* [Dataset]

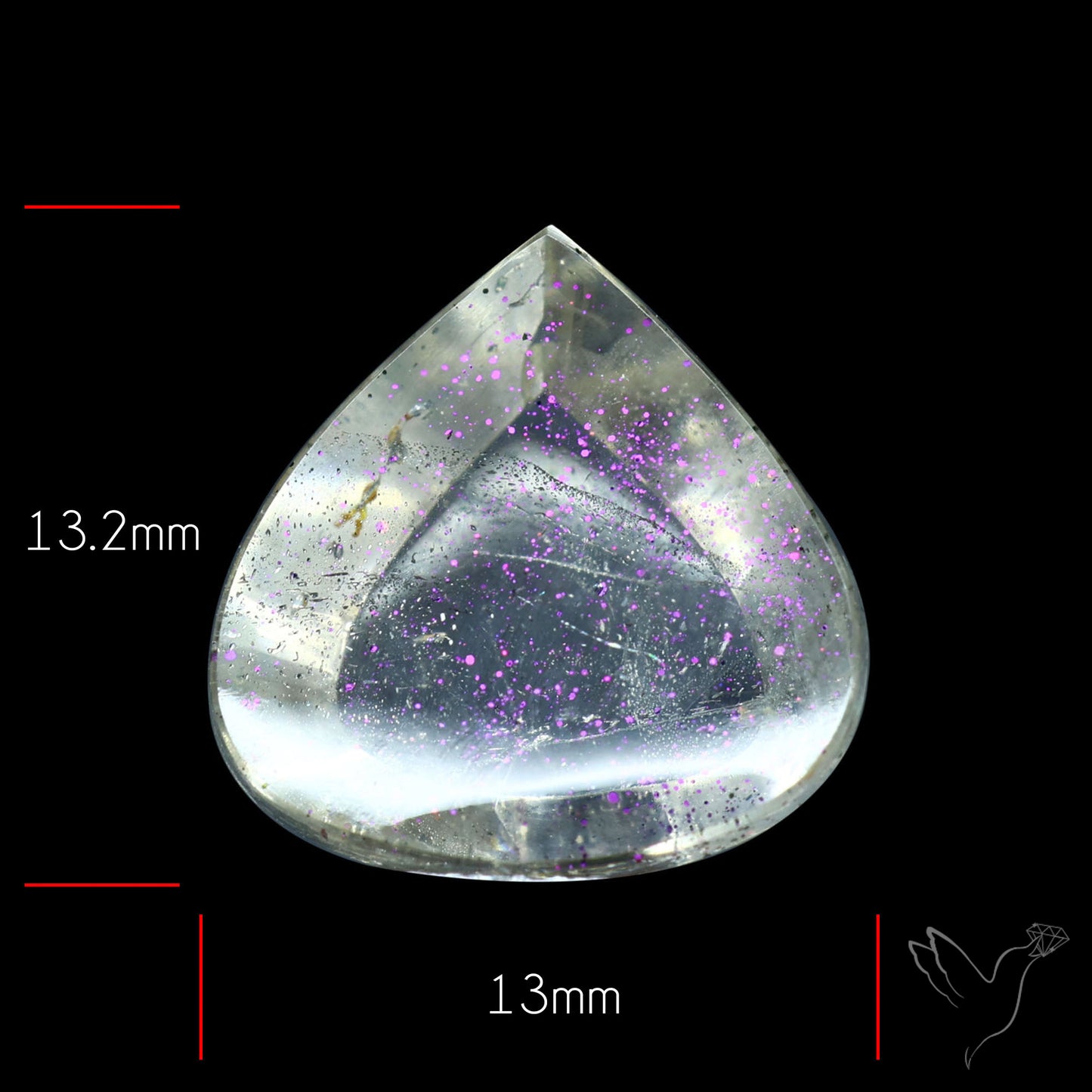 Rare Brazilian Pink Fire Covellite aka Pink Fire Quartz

...

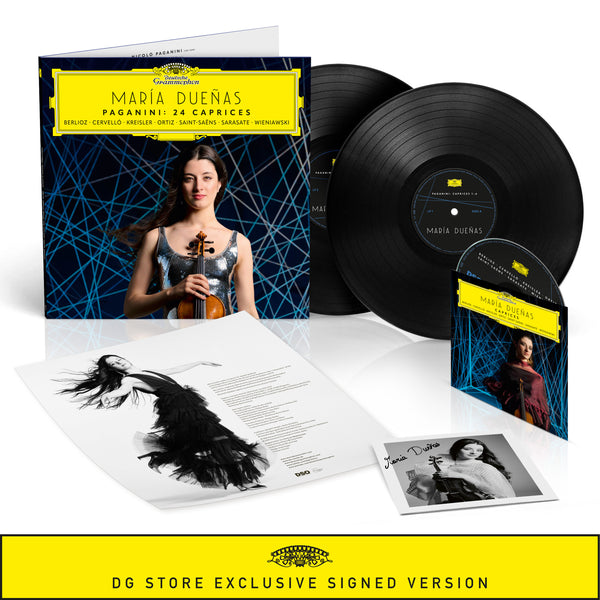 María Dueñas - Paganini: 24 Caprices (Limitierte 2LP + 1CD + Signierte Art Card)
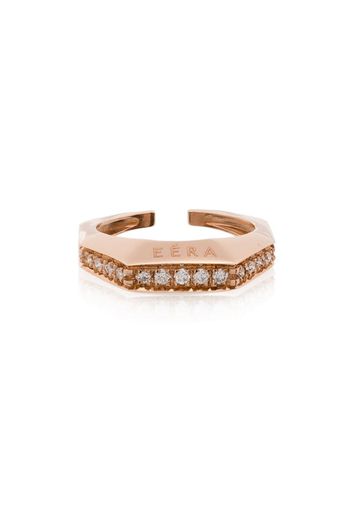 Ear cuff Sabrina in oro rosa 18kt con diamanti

--

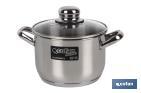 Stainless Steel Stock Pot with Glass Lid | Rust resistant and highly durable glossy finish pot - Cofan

* [Work to be completed] Having found the line with "María Dueñas - Paganini: 24" and the line with "Ear cuff Sabrina" in the material above, write out exactly those two and every line between, leaving the pictures out.

* [The answer]
 María Dueñas - Paganini: 24 Caprices (Limitierte 2LP + 1CD + Signierte Art Card)
 Ear cuff Sabrina in oro rosa 18kt con diamanti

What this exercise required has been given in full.